Mill Spring, North Carolina, USA – October 26, 2020 – Jordan Coyle (IRL) and Picador galloped to victory in the $25,000 Nutrena® Grand Prix at Tryon International Equestrian Center & Resort (TIEC) to conclude the sixth week of competition of the Tryon Fall Series.
Coyle and the 2007 Anglo European gelding (Lupicor x Kind of Magic), owned by Elan Farm, were one of 39 entries to challenge the long course designed by Anthony D’Ambrosio (USA), with only two pairs gaining entry to the jump-off. Dickey was first to go, and his navigational error at the end of the course paved the way for a pressure-free jump-off experience for Coyle. The pair ended up on a time of 38.51 seconds with one rail down, but Coyle shared that it was nice for Picador to end his time at TIEC on a high note after a difficult two weeks.

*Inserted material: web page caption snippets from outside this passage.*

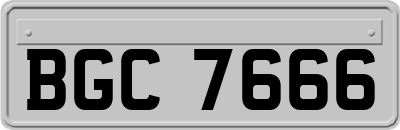 BGC7666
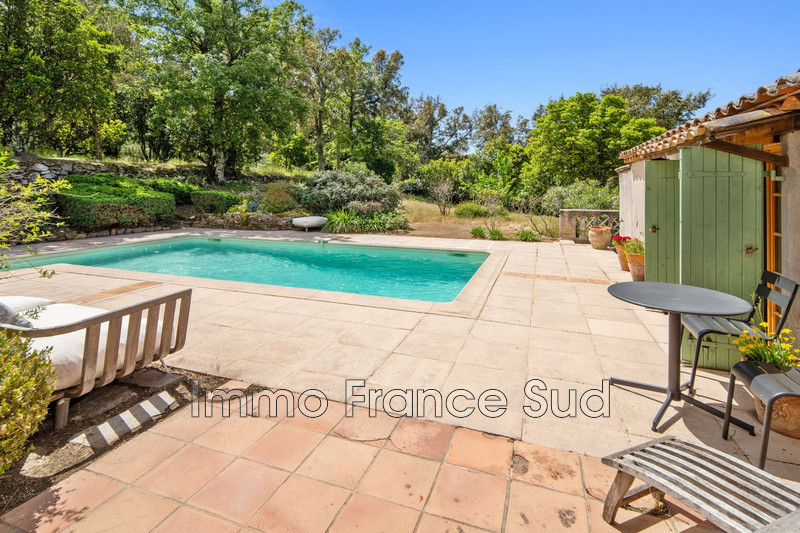 Vente bergerie La Garde-Freinet  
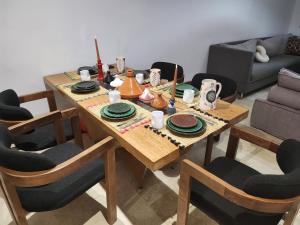 appartement Nour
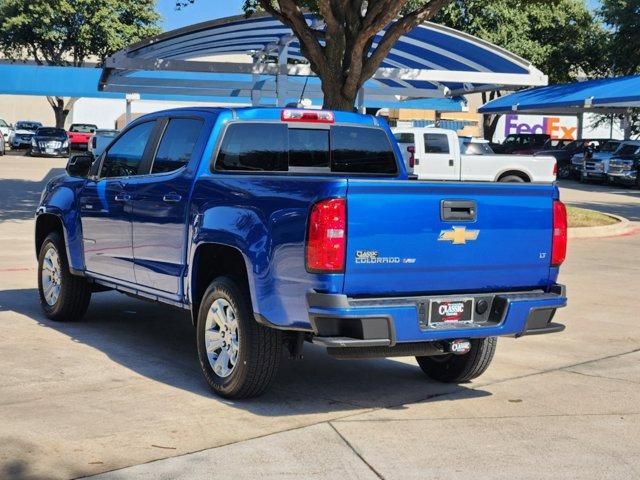 2019 Chevrolet Colorado LT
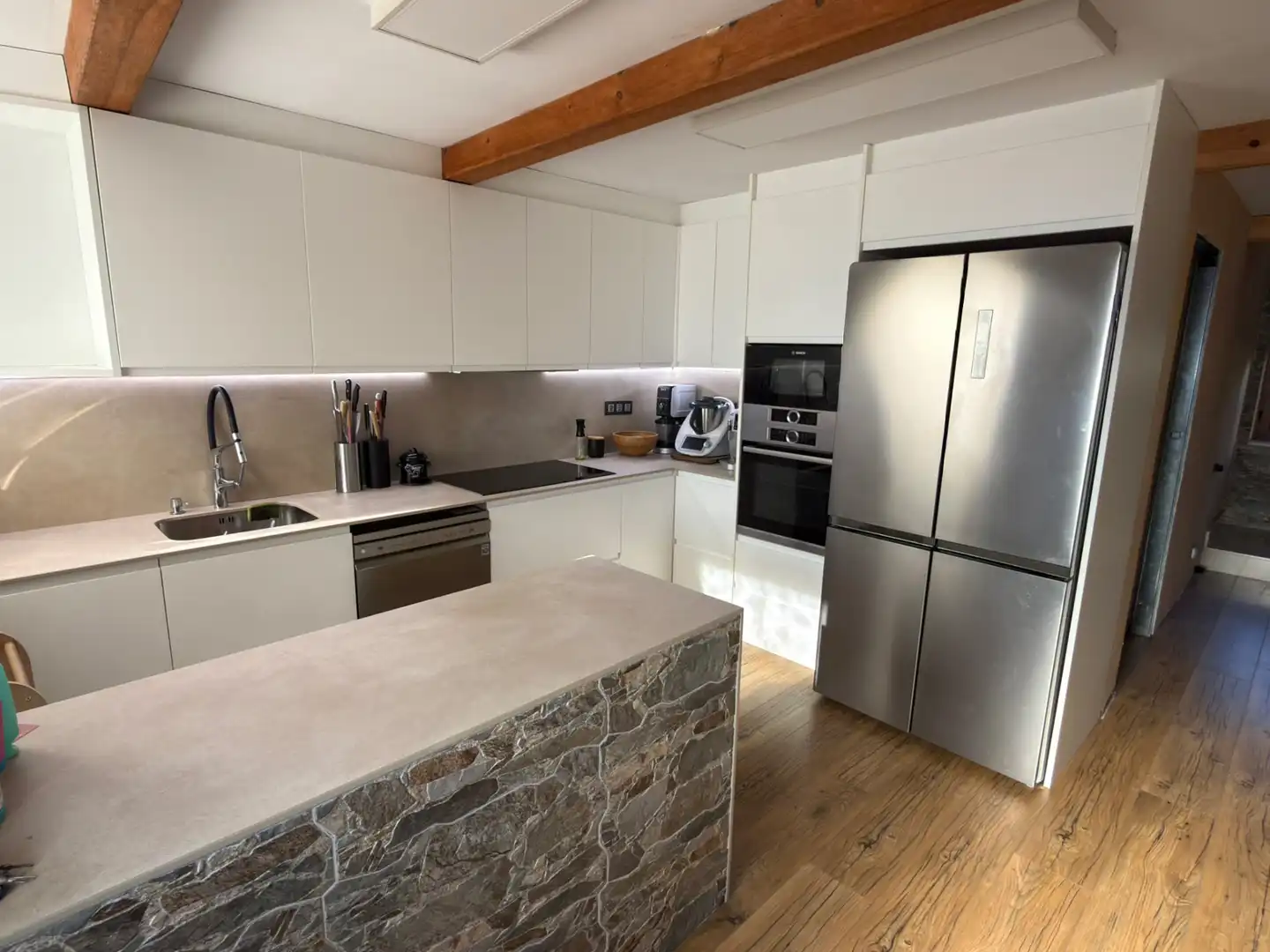 Detached house with garden for sale in La Pola Siero, imagen 11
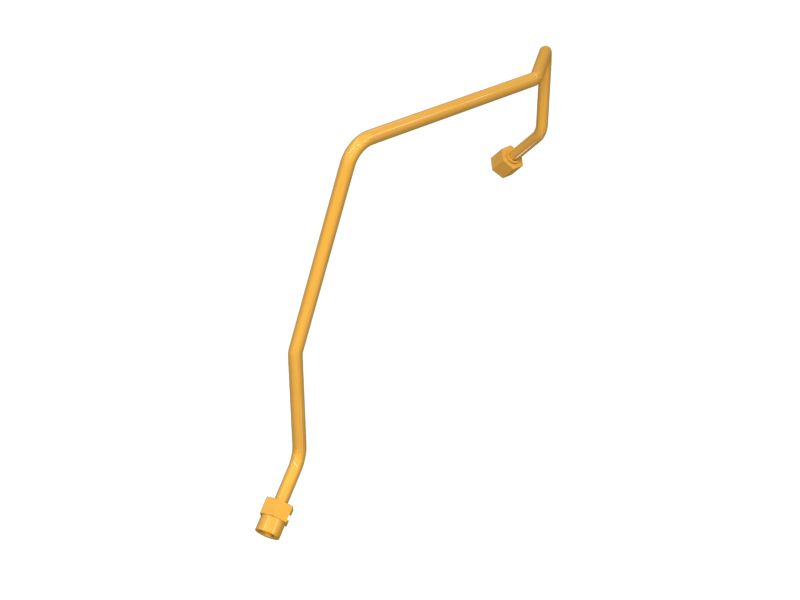 483-0933: МАСЛЯНАЯ ТРУБКА В СБОРЕ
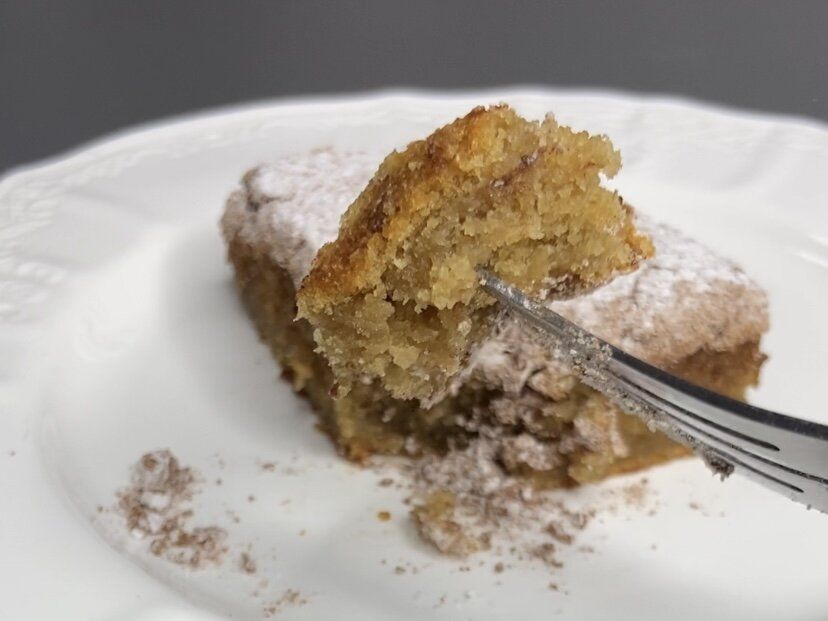 Кофейный пирог: нежность и аромат в каждом укусе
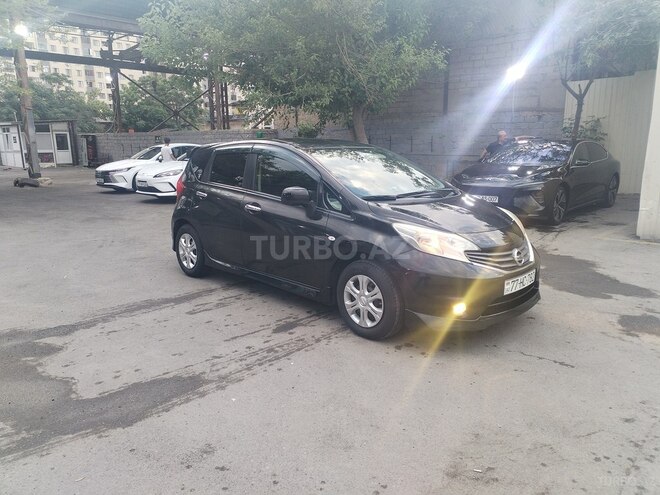 Nissan Note 2013, 182,000 km - 1.2 l - Bakı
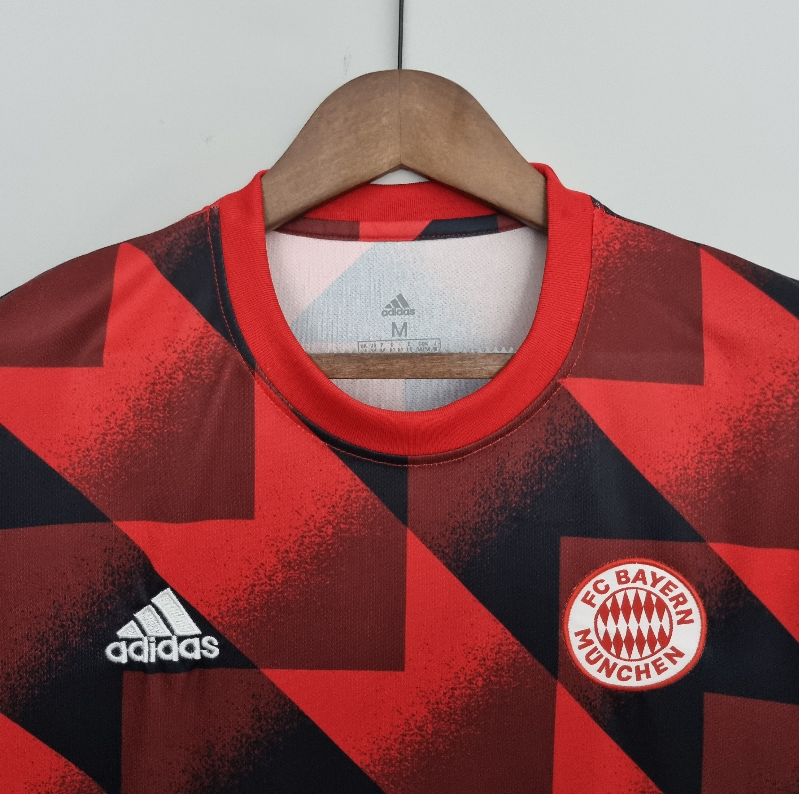 Camisa Oficial do Bayern de Munique 22/23 - Treino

Ken Dickey (USA) and Rocking D Ranch’s Opium du Soufflet, a 2009 Swedish Warmblood gelding (Ogano Sitte x Nicky du Soufflet), were the short-course trailblazers, unfortunately going off course at the last fence to receive second place.
Connor O’Regan (USA) navigated the 2012 Belgan Warmblood mare (Hunter’s Scendix x Cleopatra van Spalbeek) owned by Dynomite Ranch, LLC, Mendini DR, to a third place finish on a time of 78.186 in the first round, with a single time penalty keeping them from the speed test.
“He [Picador] won the first class last week [$37,000 EquiSafe Global Power & Speed Stake CSI 3*] and things just didn’t work out in between, but it’s good he won today. The course rode tough… much tougher than I expected,” Coyle revealed. “Since we’re going to Kentucky next week I wanted to jump today just as an easy round. But there was nothing easy about that: it was as tough as any of the FEI classes!”
Coyle could not pinpoint an advantage over the rest of the field that secured him entrance to the jump-off, but reported that it’s “normal” for him to jump clear. “I think the time allowed was tighter than I expected, so I was lucky there. Even though I was using it as a schooling class, I love to win as much as he does, so I guess we both tried.”
Coyle reflected that an already strange class became even more unusual in the jump-off. “Normally, when there’s two people in the jump-off like that, sometimes it can become kind of tricky because you don’t know what to do, but I was very, very lucky that Ken had a mishap,” he emphasized. “All I had to do was get through the start and the finish. It was a strange, strange class. That’s all you can say about that! We’ll take whatever we can get.”